Das „Narnia-Rollenspiel“ von Ulrich Drees und Oliver Plaschka ist das erste offizielle Rollenspiel zur Fantasywelt von C. S. Lewis. Es richtet sich vor allem auch an Rollenspielneulinge und Einsteiger, was sich deutlich in dem einfachen Regelsystem wiederspiegelt, aber dazu später mehr. Die Aufmachung ist sehr gelungen, auch wenn das Format (es ist in Buchform erschienen) eher untypisch für ein Rollenspiel ist. Es ist komplett dreifarbig gehalten und mit sehr schönen Illustrationen von Kai Graf versehen.

Ansonsten enthält das Regelwerk alles, was das geneigte „Narnia“-Fanherz begehrt. Neben drei menschlichen Kulturen lassen sich eine Reihe an Fabelwesen und natürlich die sprechenden Tiere spielen. Es empfiehlt sich zwar, gerade für Spielleiter, die „Narnia“-Bücher gelesen zu haben, allerdings wird in dem Band so detailliert auf die Welt eingegangen, dass das nicht zwingend notwendig scheint. Das Buch ist in vierzehn Kapitel gegliedert, wobei die Kapitel über die Charaktererschaffung und das Kapitel mit Tipps für den Spielleiter (der hier sehr passend Erzähler genannt wird) erwartungsgemäß die mit Abstand längsten sind. Sehr hilfreich für Neulinge sind auch die ausführliche Einleitung und die Weltenbeschreibung.

_Regelsystem_

Die Regeln sind einfach gehalten. Gewürfelt wird mit handelsüblichen sechsseitigen Würfeln. Jede Figur besitzt die Attribute Stärke, Konstitution, Gewandtheit, Geschick, Sinnesschärfe, Charisma, Intelligenz, Willenskraft und Tugend. Diese haben jeweils einen Wert von -3 bis +3, wobei die extremen Werte eher selten sind. So hat ein normaler Mensch einfach in jedem Attribut eine null und nur in Ausnahmefällen Werte von -2 bis+2. Ansonsten gibt es noch Fertigkeiten, die jeweils einem oder mehreren Attributen zugeordnet werden. So kann man der Fertigkeit „Nahkampf“ entweder Stärke oder Gewandtheit zuordnen, je nachdem, ob mit einem Zweihänder oder einem Degen gekämpft wird. Nun kommt es darauf an, wie gut oder schlecht die Attribute sind: Bei positiven Attributen gibt es einen Bonus, bei negativen einen Malus, und bei einem Wert von null gibt es gar keine Modifikation.
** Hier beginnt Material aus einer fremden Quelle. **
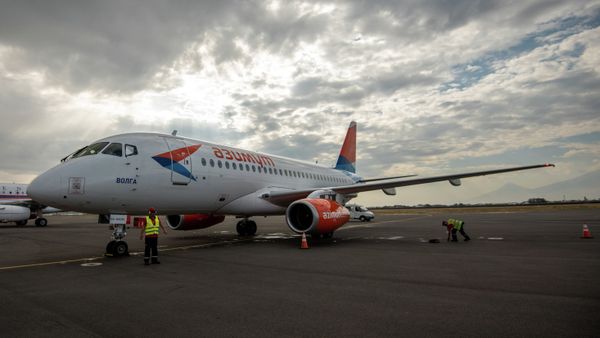 Российский лайнер Sukhoi Superjet 100 авиакомпании Азимут в международном аэропорту Звартноц (1 октября 2018). Еревaн - Sputnik Армения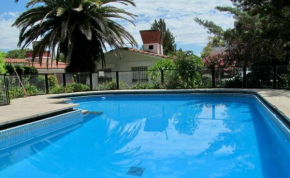 Casa con Pileta y Jardín a tres cuadras del Lago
Wird nun eine Probe verlangt, gibt es zwei Arten von Würfeln: Basiswürfel und Bonus- bzw. Maluswürfel. Bei Proben auf ein Attribut hat man immer zwei Basiswürfel, und dazu kommt dann der Wert des Attributs als Bonus-oder Maluswürfel. Beispiel: Hat ein Bär einen Stärkewert von +2 und muss auf dieses Attribut eine Probe ablegen, würfelt er zwei Basiswürfel (hat man immer) und zwei Bonuswürfel (wegen des Wertes von +2). Hätte der Bär einen -2-Wert bei der Stärke, würde er zwei Basiswürfel und zwei Maluswürfel (Attributswert -2) würfeln. Bei den Fertigkeiten ist es ähnlich: Der Fertigkeitswert gibt die Anzahl der Basiswürfel und das dazugehörige Attribut die Anzahl der Bonus-oder Maluswürfel an. Zur Unterscheidung der zwei Würfelarten empfiehlt es sich, zwei verschiedenfarbige Würfelpools zu benutzen, wobei helle und dunkle Würfel auch vollkommen reichen.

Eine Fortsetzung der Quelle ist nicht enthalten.